**EXERCISE AIM:** Print every entry exactly as written and exclude all images.

**DATA FOR THIS EXERCISE:**

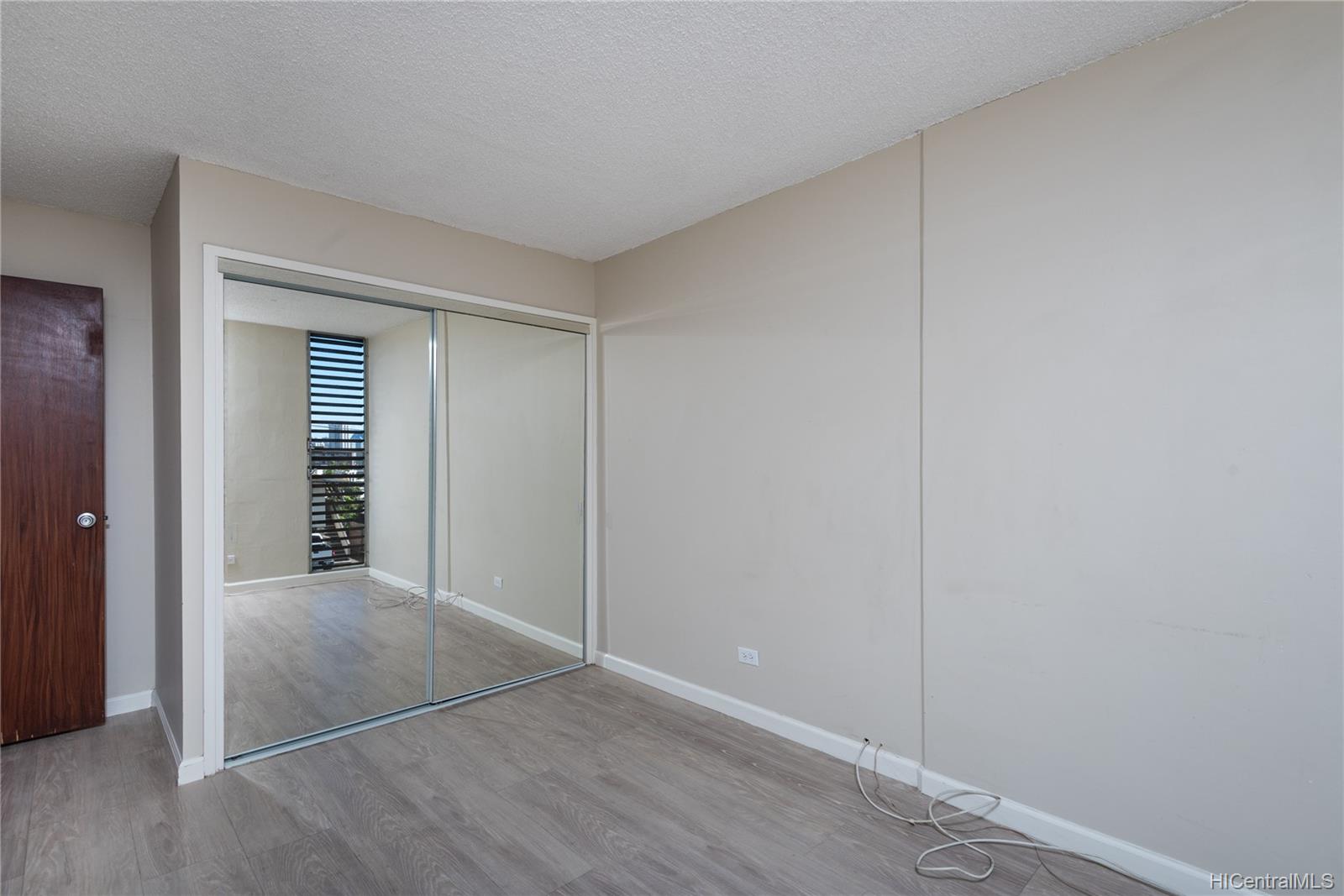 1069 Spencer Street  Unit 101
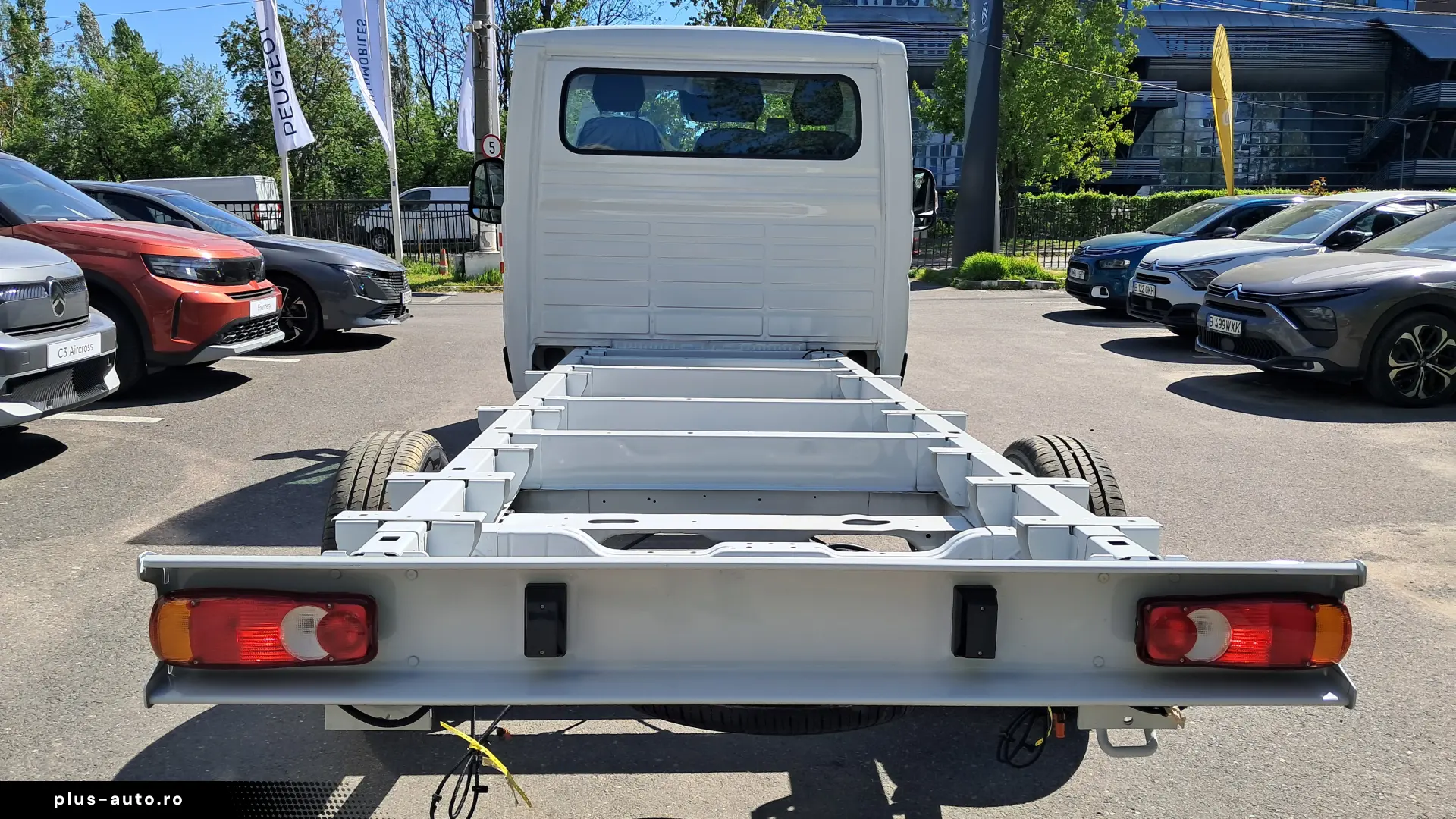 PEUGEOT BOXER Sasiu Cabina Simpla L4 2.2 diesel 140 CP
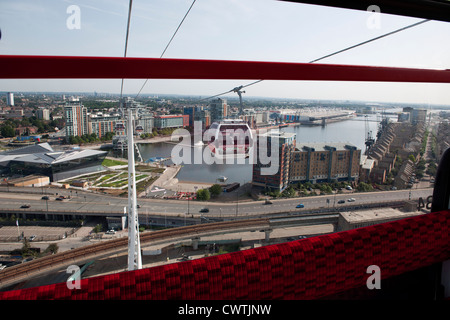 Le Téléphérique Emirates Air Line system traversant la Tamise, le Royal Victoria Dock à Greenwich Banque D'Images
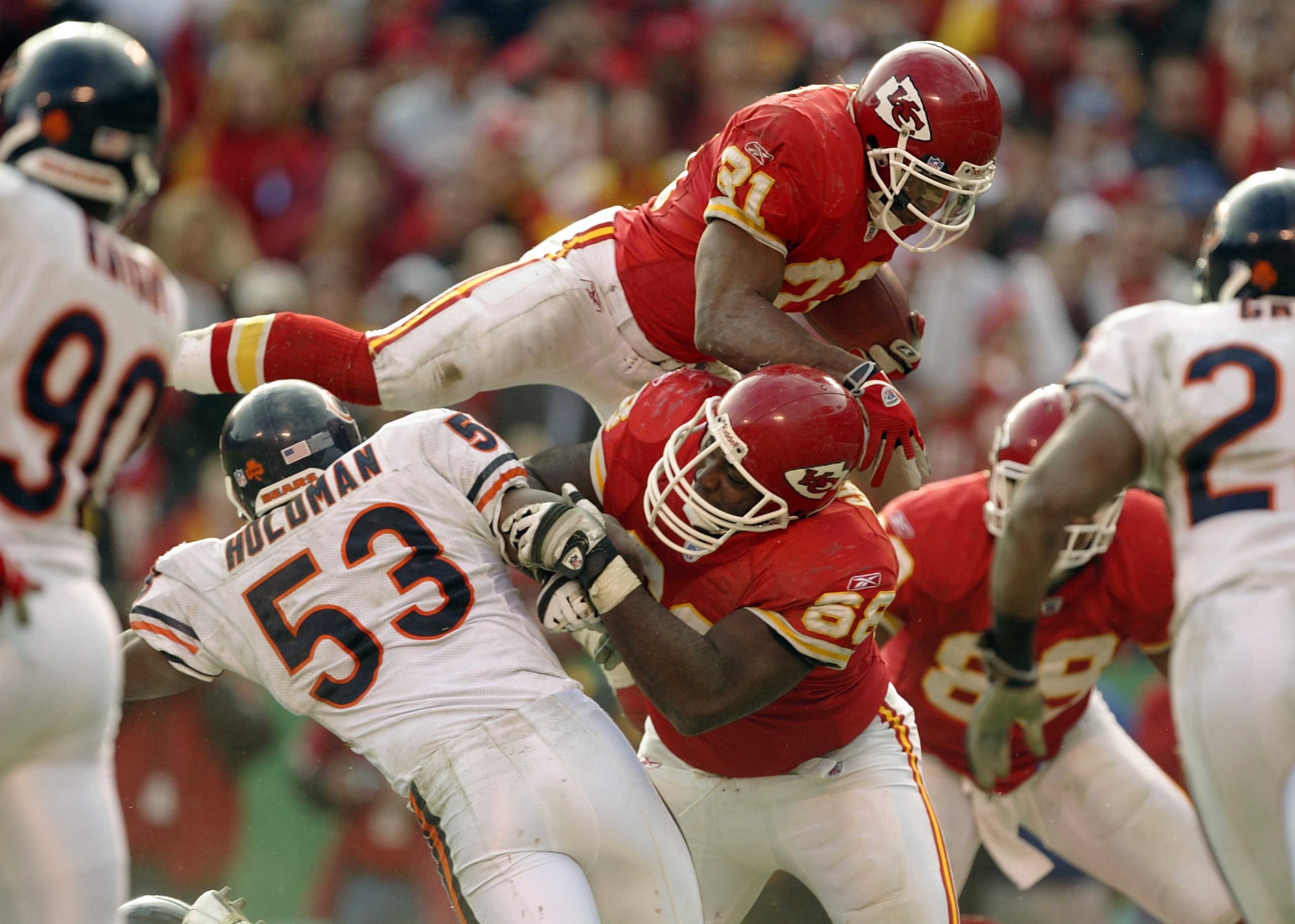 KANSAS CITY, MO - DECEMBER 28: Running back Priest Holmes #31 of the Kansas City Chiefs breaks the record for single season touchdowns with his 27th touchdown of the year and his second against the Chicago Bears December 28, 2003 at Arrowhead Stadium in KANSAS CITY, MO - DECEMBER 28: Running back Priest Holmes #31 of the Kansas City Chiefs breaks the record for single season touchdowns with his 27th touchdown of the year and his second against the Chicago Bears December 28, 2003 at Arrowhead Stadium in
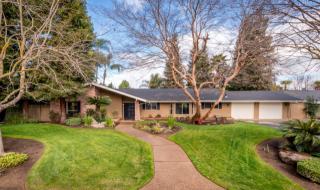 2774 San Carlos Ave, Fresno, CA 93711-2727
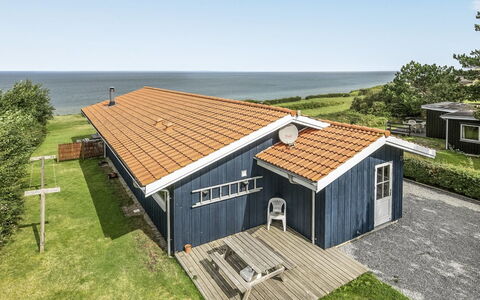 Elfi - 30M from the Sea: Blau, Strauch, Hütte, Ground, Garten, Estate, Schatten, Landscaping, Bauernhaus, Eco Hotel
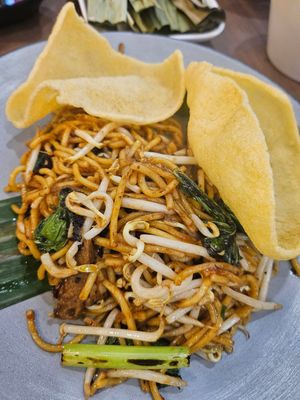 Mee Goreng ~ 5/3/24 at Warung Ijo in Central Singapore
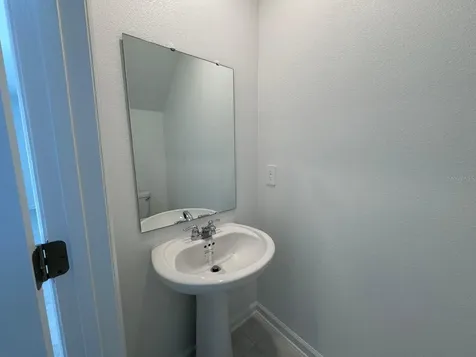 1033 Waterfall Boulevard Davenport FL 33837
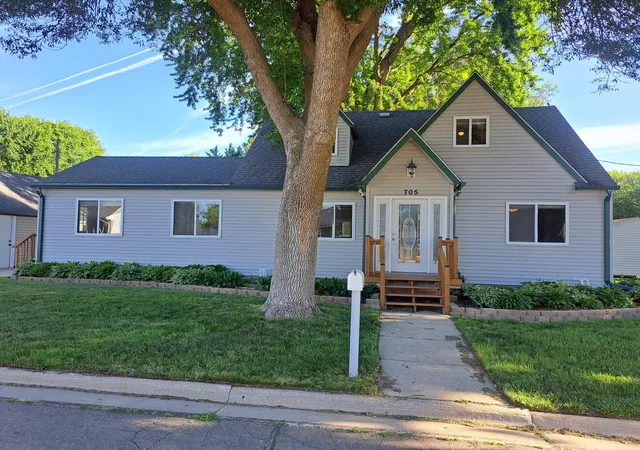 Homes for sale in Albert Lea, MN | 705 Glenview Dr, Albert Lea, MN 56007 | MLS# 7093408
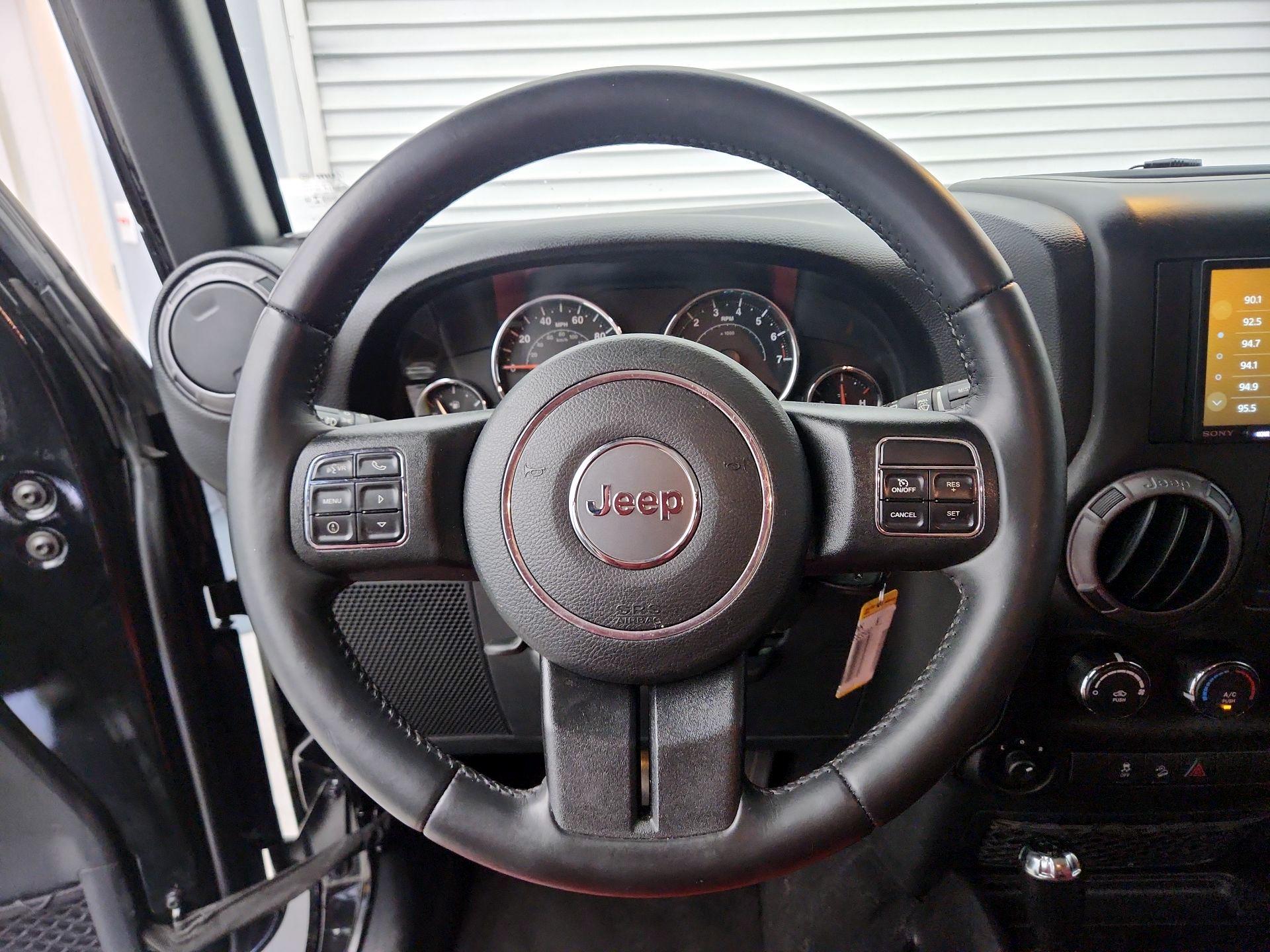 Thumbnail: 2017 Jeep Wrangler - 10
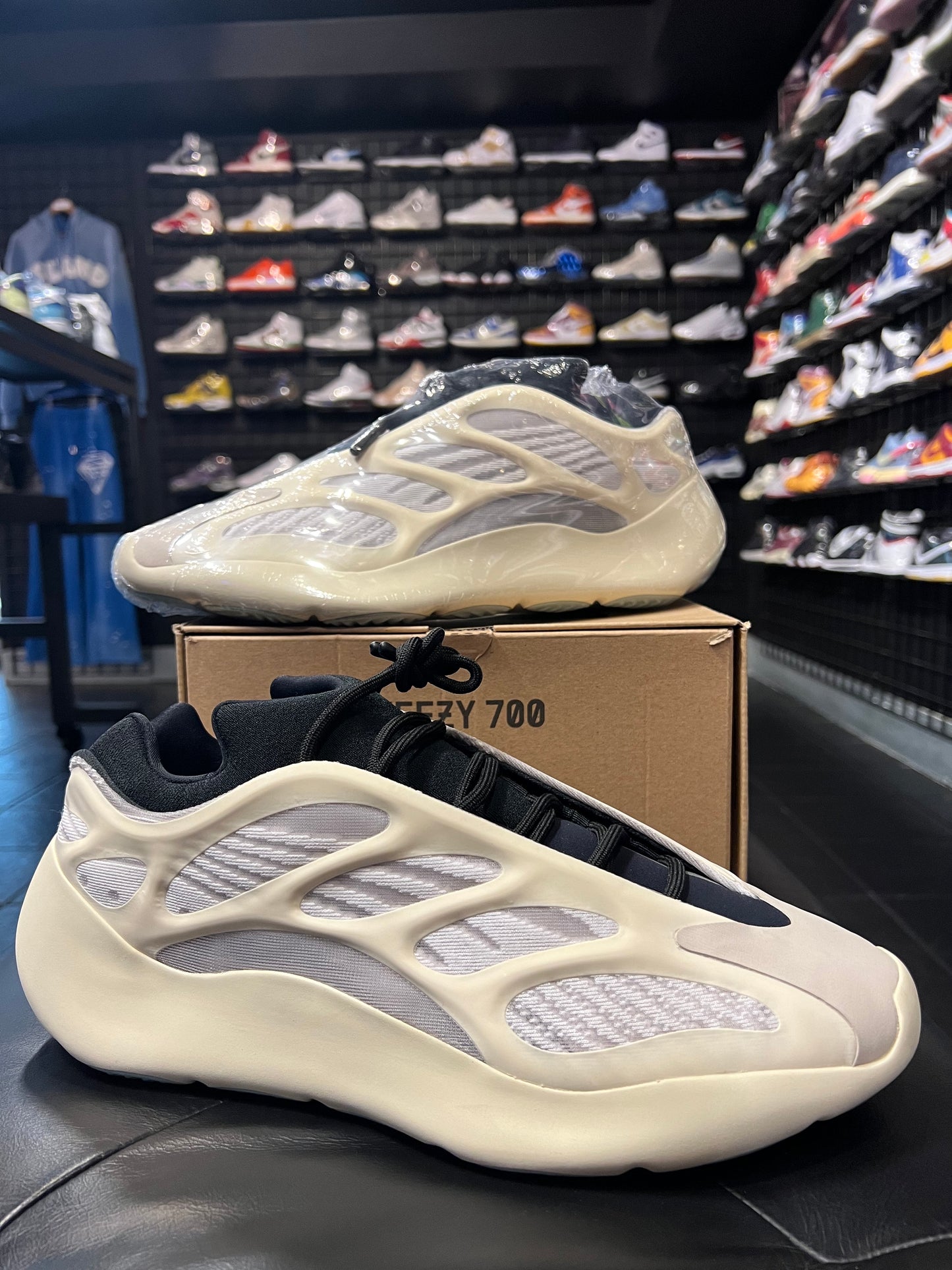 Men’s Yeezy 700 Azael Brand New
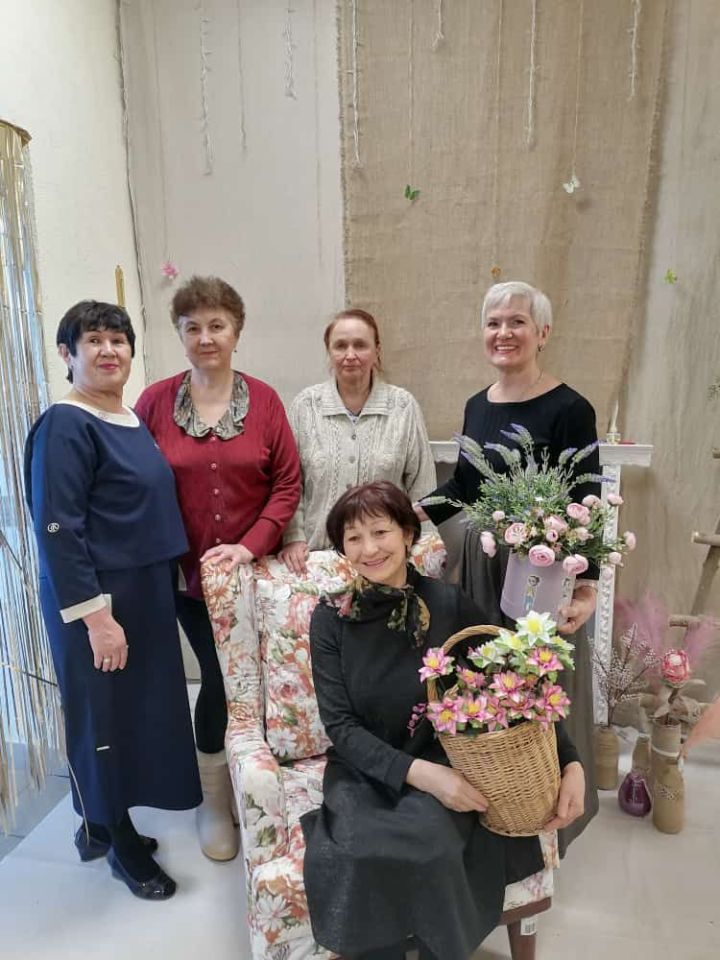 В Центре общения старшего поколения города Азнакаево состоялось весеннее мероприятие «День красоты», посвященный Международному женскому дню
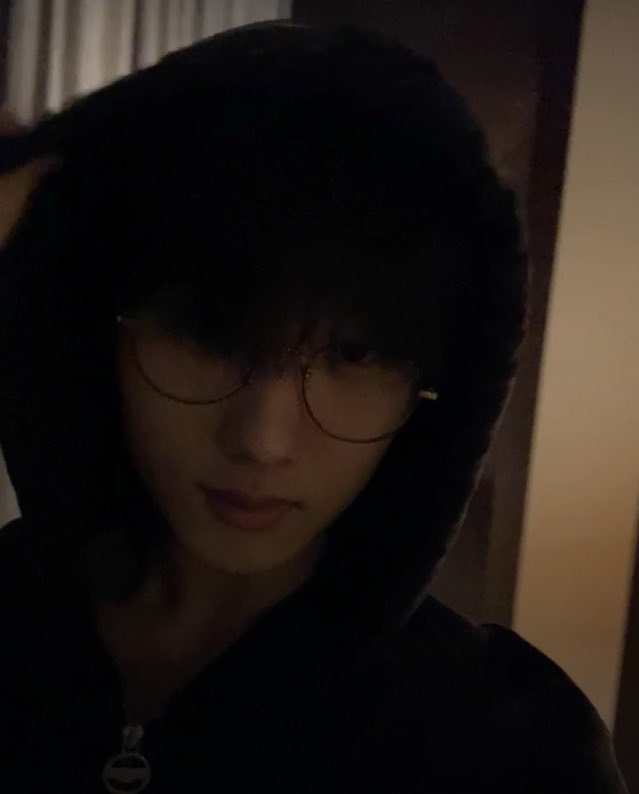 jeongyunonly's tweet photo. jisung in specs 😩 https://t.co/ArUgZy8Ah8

**EXPECTED ANSWER:**
 1069 Spencer Street  Unit 101
 PEUGEOT BOXER Sasiu Cabina Simpla L4 2.2 diesel 140 CP
 Le Téléphérique Emirates Air Line system traversant la Tamise, le Royal Victoria Dock à Greenwich Banque D'Images
 KANSAS CITY, MO - DECEMBER 28: Running back Priest Holmes #31 of the Kansas City Chiefs breaks the record for single season touchdowns with his 27th touchdown of the year and his second against the Chicago Bears December 28, 2003 at Arrowhead Stadium in KANSAS CITY, MO - DECEMBER 28: Running back Priest Holmes #31 of the Kansas City Chiefs breaks the record for single season touchdowns with his 27th touchdown of the year and his second against the Chicago Bears December 28, 2003 at Arrowhead Stadium in
 2774 San Carlos Ave, Fresno, CA 93711-2727
 Elfi - 30M from the Sea: Blau, Strauch, Hütte, Ground, Garten, Estate, Schatten, Landscaping, Bauernhaus, Eco Hotel
 Mee Goreng ~ 5/3/24 at Warung Ijo in Central Singapore
 1033 Waterfall Boulevard Davenport FL 33837
 Homes for sale in Albert Lea, MN | 705 Glenview Dr, Albert Lea, MN 56007 | MLS# 7093408
 Thumbnail: 2017 Jeep Wrangler - 10
 Men’s Yeezy 700 Azael Brand New
 В Центре общения старшего поколения города Азнакаево состоялось весеннее мероприятие «День красоты», посвященный Международному женскому дню
 jeongyunonly's tweet photo. jisung in specs 😩 https://t.co/ArUgZy8Ah8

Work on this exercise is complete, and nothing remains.